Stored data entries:

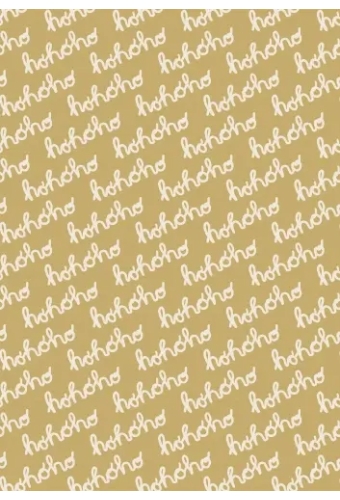 Kerstpapier Hohoho Wit Kraft 30 cm x 250meter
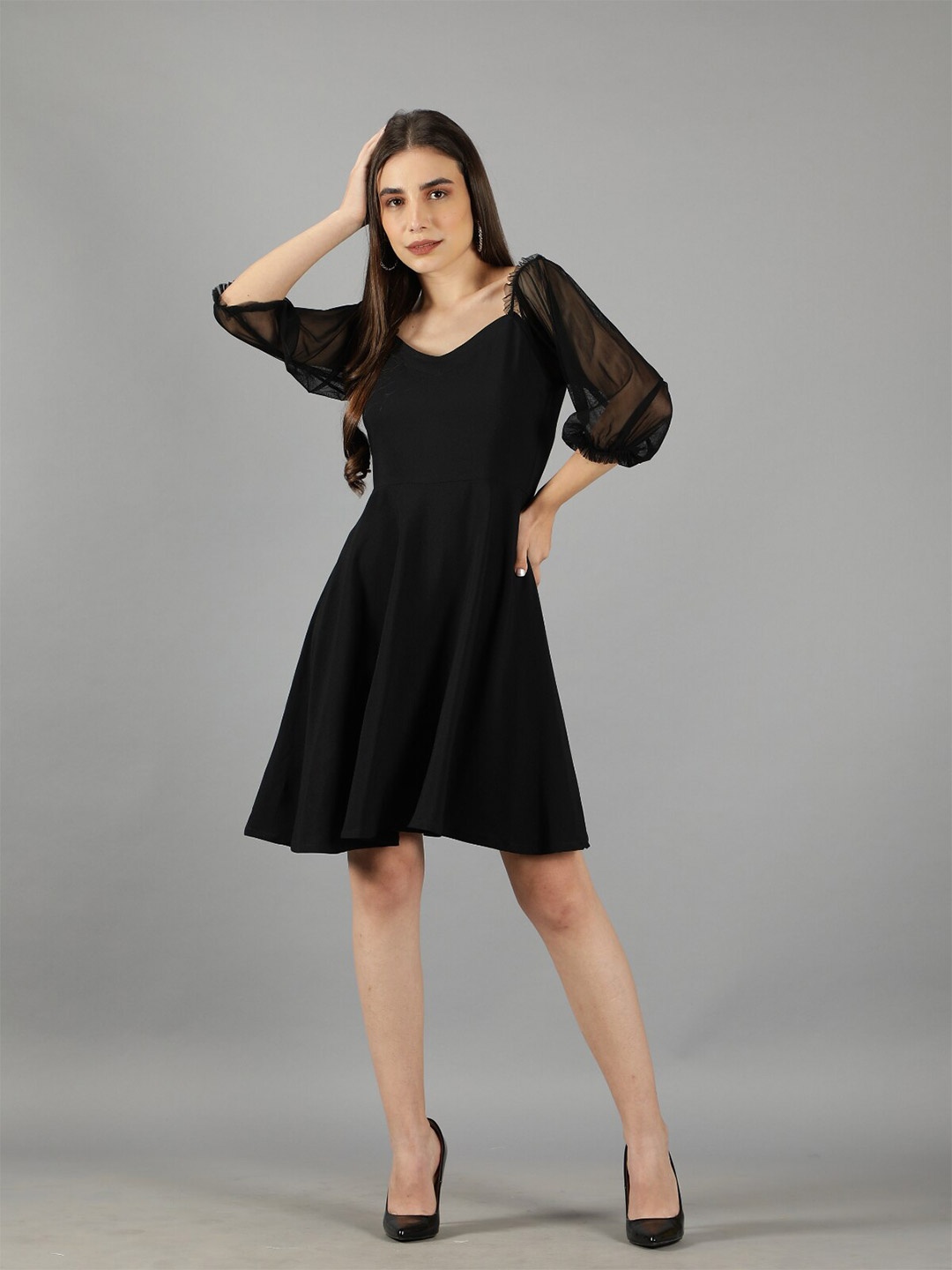 

Svelte Couture Puff Sleeve Fit & Flare Dress, Black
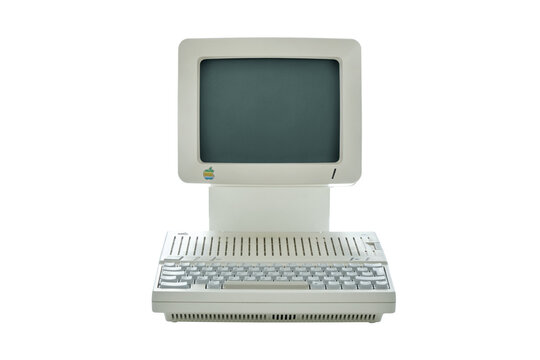 Vintage Apple desktop computer isolated cutout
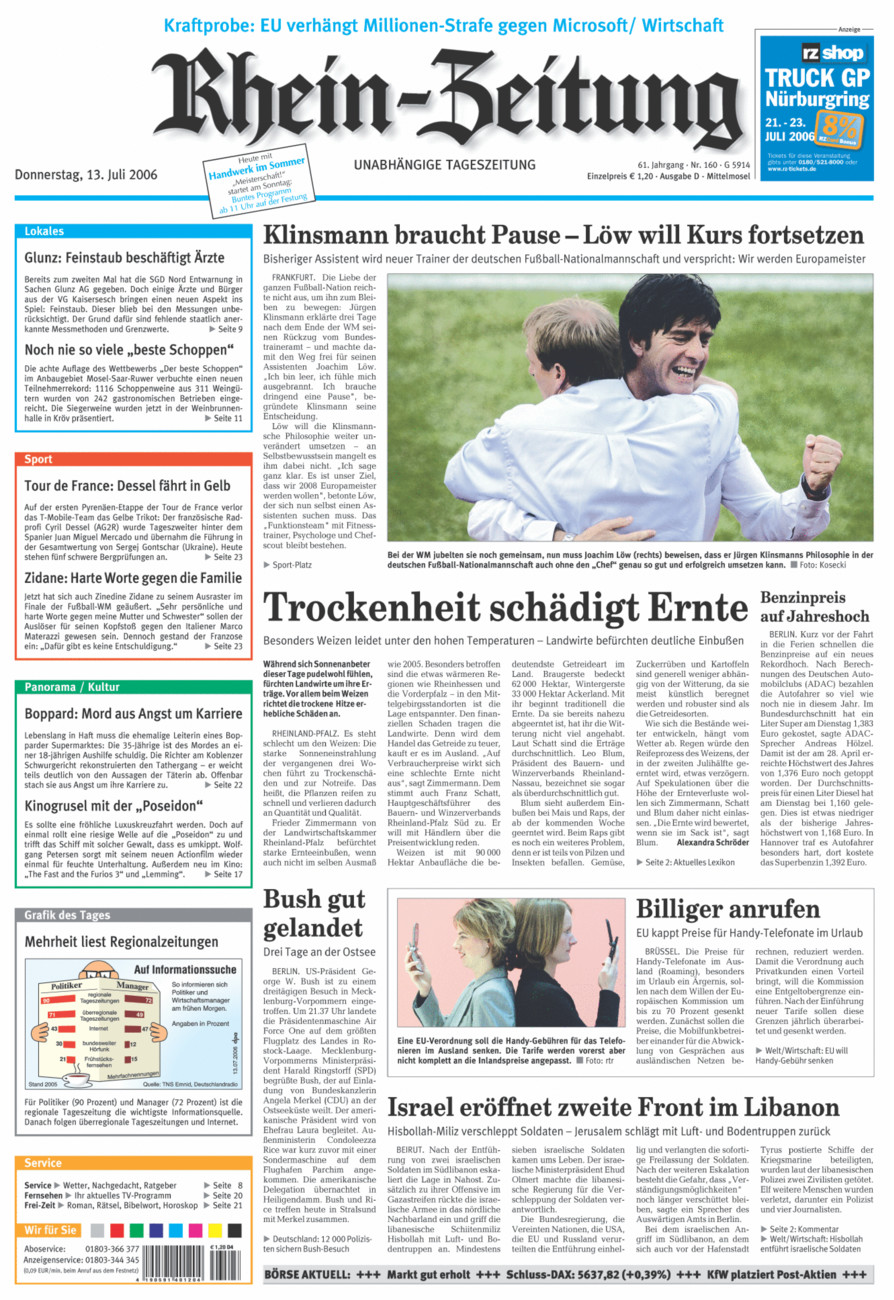 Rhein-Zeitung Kreis Cochem-Zell vom Donnerstag, 13.07.2006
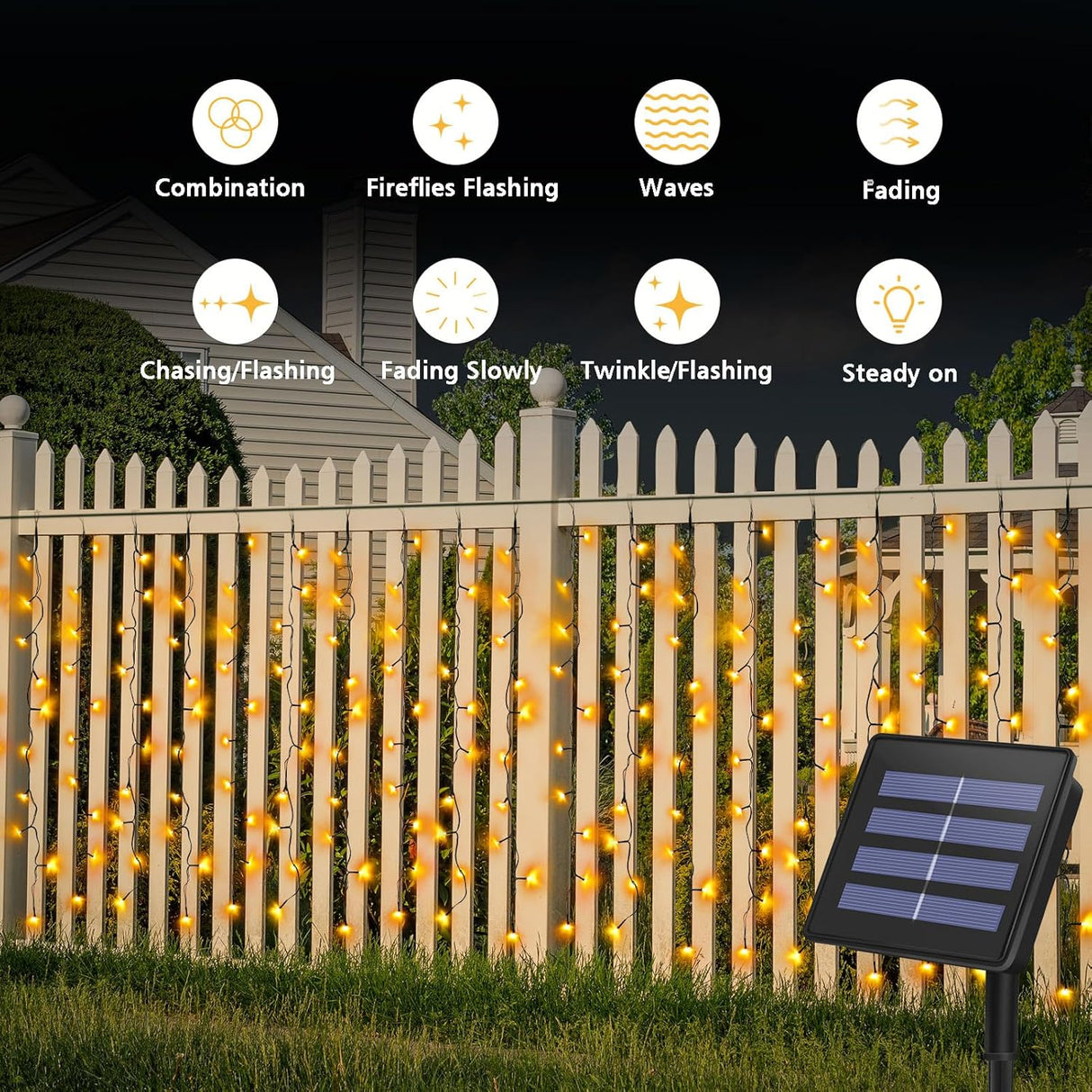 echosari 19.6ft x 3.3ft 300 LED Solar Curtain Lights(Warm White)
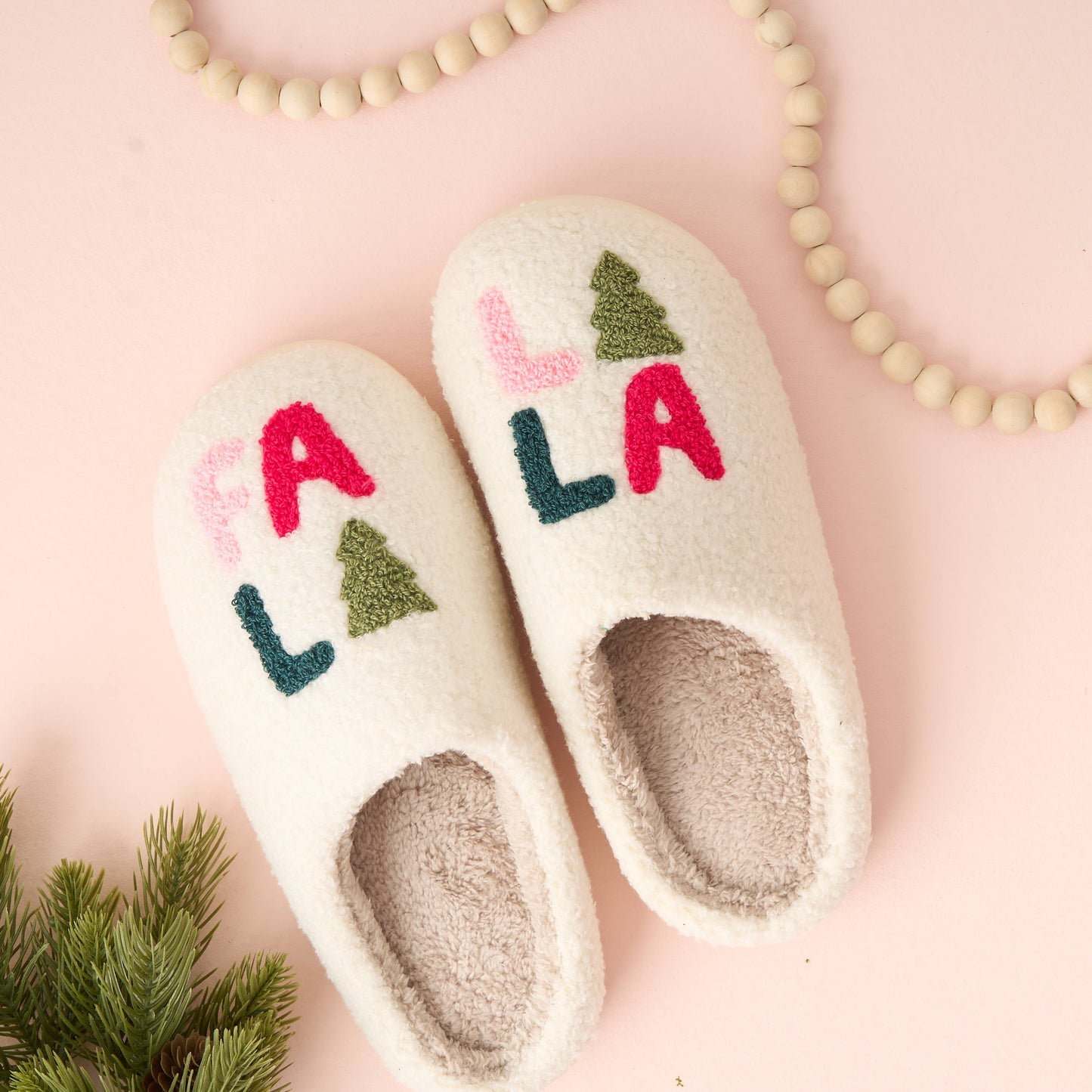 Fuzzy Holiday Slippers - Fa La La: M/L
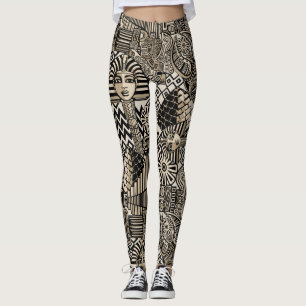 Ancient Historical Symbols Tattoo Style Leggings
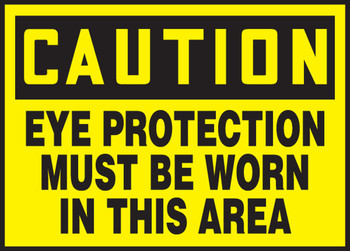 OSHA Caution Safety Label: Eye Protection Must Be Worn In This Area 3 1/2" x 5" Adhesive Dura Vinyl 1/Each - LPPE604XVE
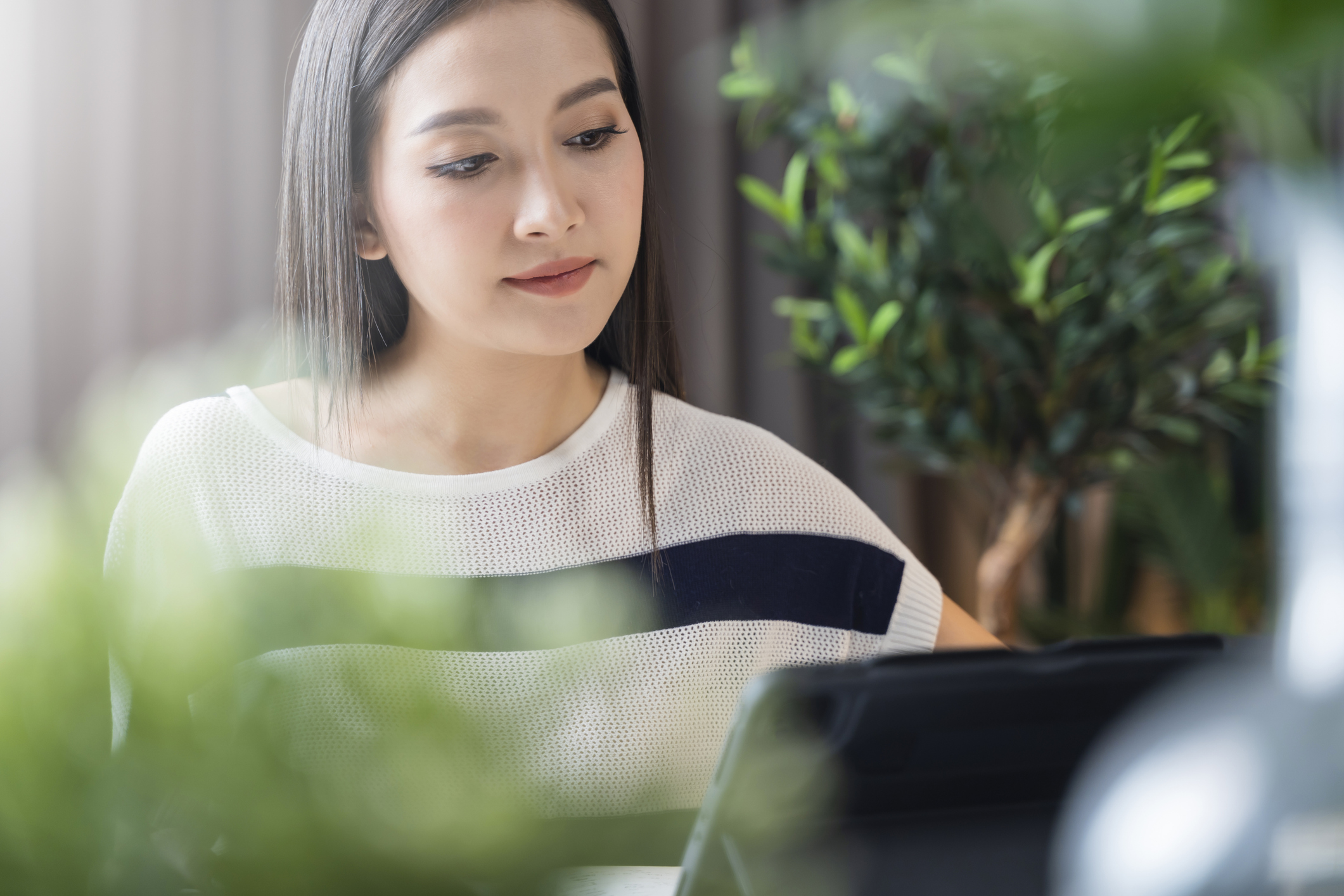college student on laptop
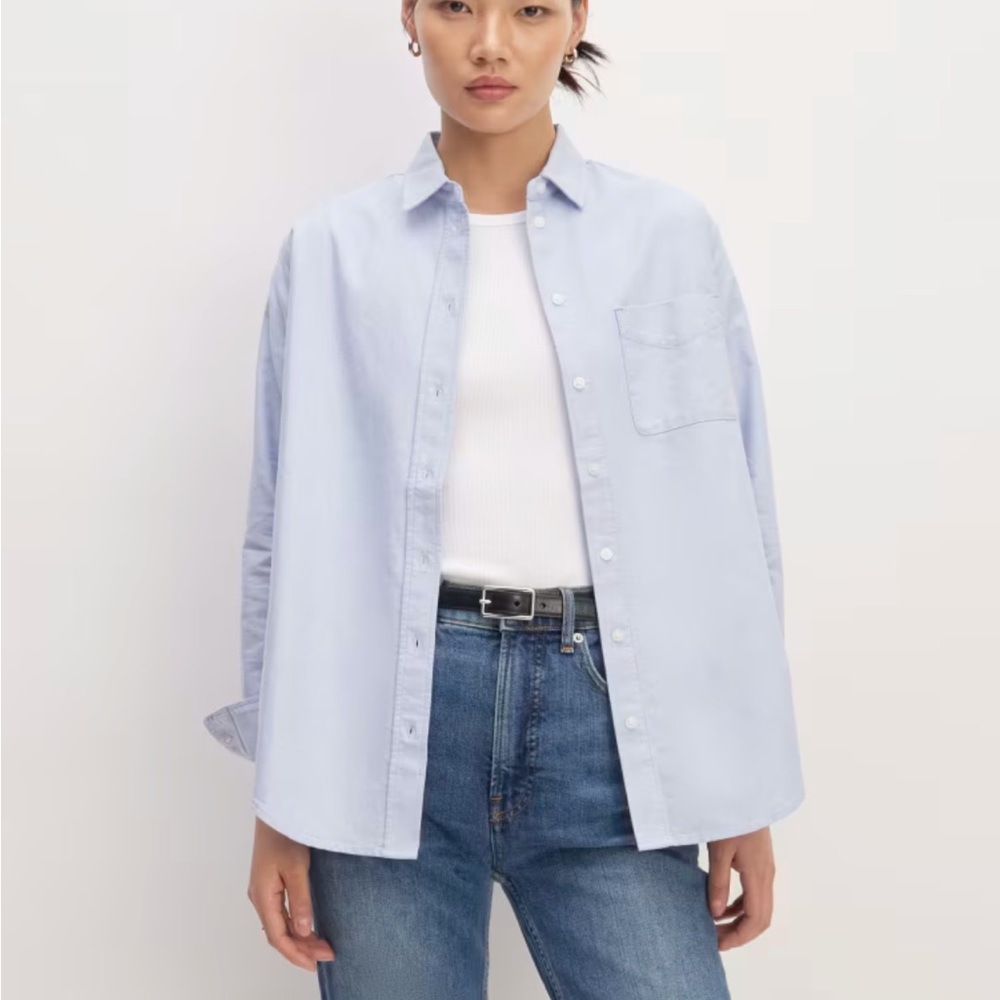 Everlane Relaxed Oxford Shirt in muted blue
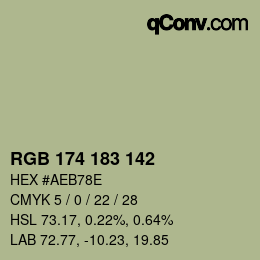 Color code: RGB 174 183 142 | qconv.com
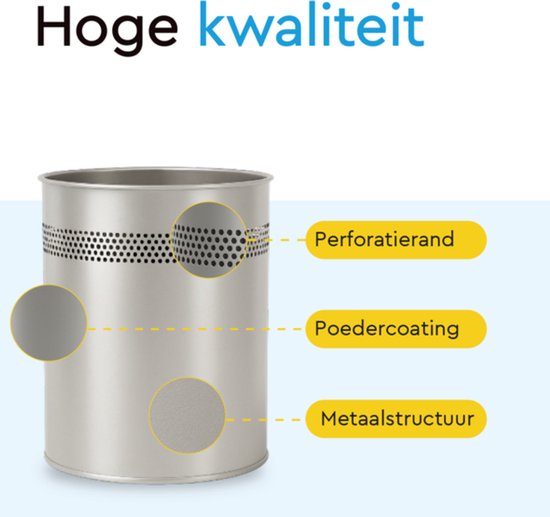 BRASQ Trashcan Metal Office/Home Use - Poubelle - Corbeille à papier - Rond - Poubelles - Argent 15 litres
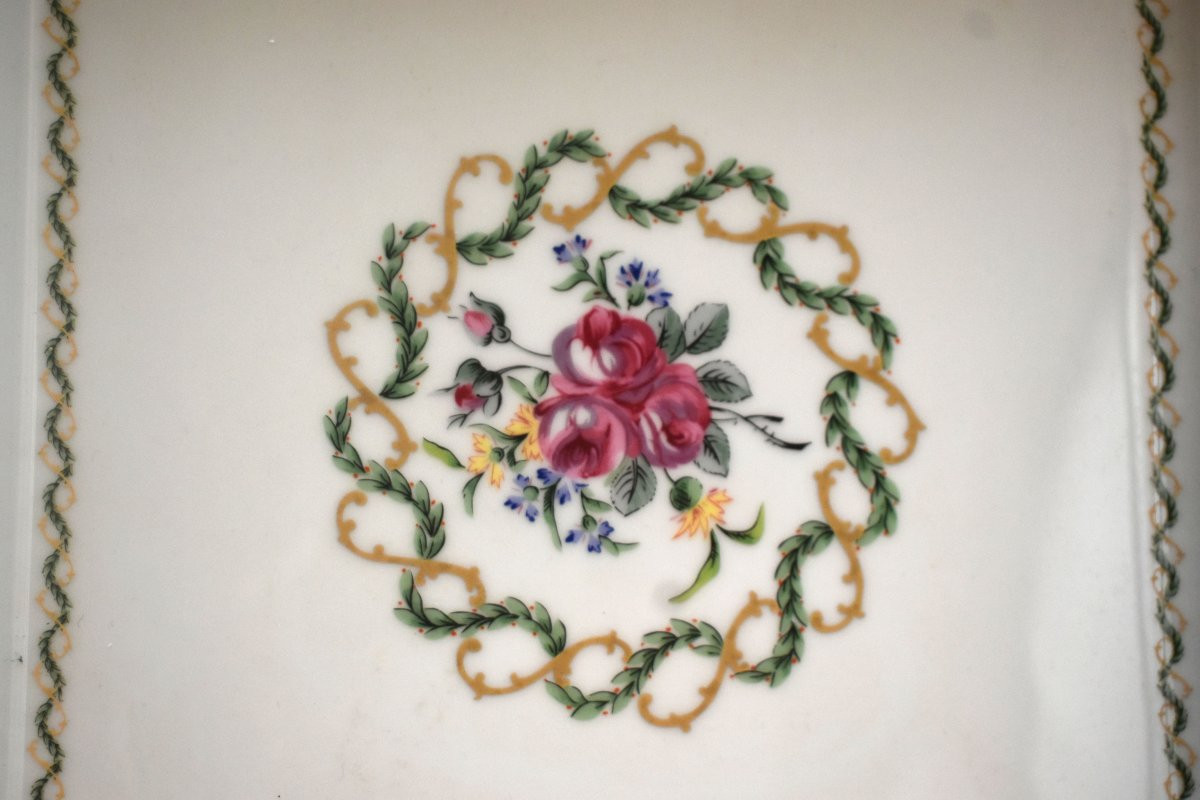 Coupe,  vide  poche en porcelaine de Limoges,  Haviland, Plateau centre de table,  roses-photo-6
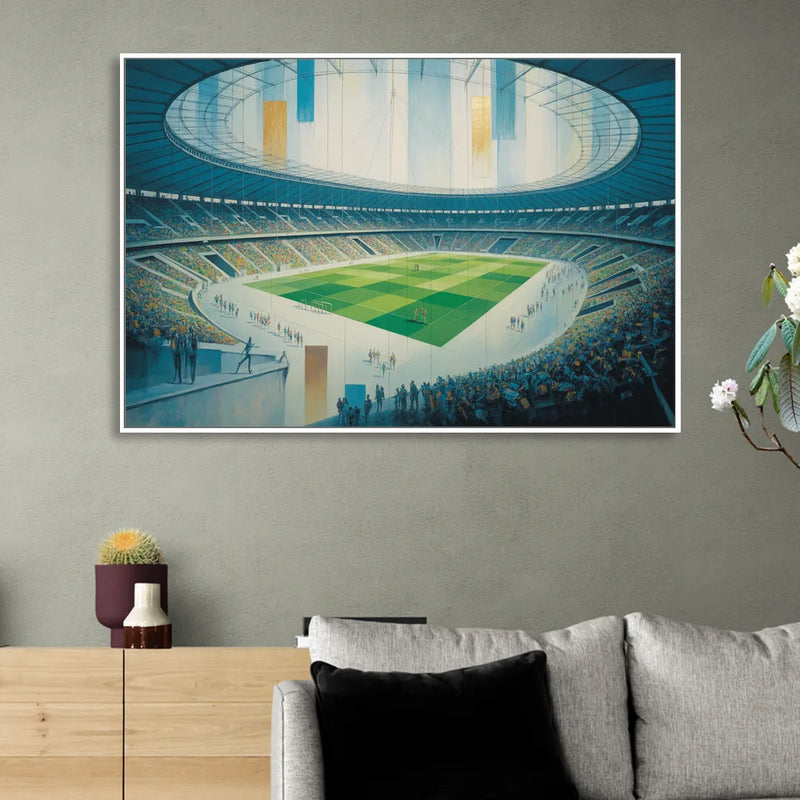 Olympic Stadium Panorama Sitting Room - White Canvas Wall Art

**Task instructions**
Give a verbatim transcription of the entries, leaving out the pictures.

**Result of the task**
 Kerstpapier Hohoho Wit Kraft 30 cm x 250meter

Svelte Couture Puff Sleeve Fit & Flare Dress, Black
 Vintage Apple desktop computer isolated cutout
 Rhein-Zeitung Kreis Cochem-Zell vom Donnerstag, 13.07.2006
 echosari 19.6ft x 3.3ft 300 LED Solar Curtain Lights(Warm White)
 Fuzzy Holiday Slippers - Fa La La: M/L
 Ancient Historical Symbols Tattoo Style Leggings
 OSHA Caution Safety Label: Eye Protection Must Be Worn In This Area 3 1/2" x 5" Adhesive Dura Vinyl 1/Each - LPPE604XVE
college student on laptop
 Everlane Relaxed Oxford Shirt in muted blue
 Color code: RGB 174 183 142 | qconv.com
 BRASQ Trashcan Metal Office/Home Use - Poubelle - Corbeille à papier - Rond - Poubelles - Argent 15 litres
 Coupe,  vide  poche en porcelaine de Limoges,  Haviland, Plateau centre de table,  roses-photo-6
 Olympic Stadium Panorama Sitting Room - White Canvas Wall Art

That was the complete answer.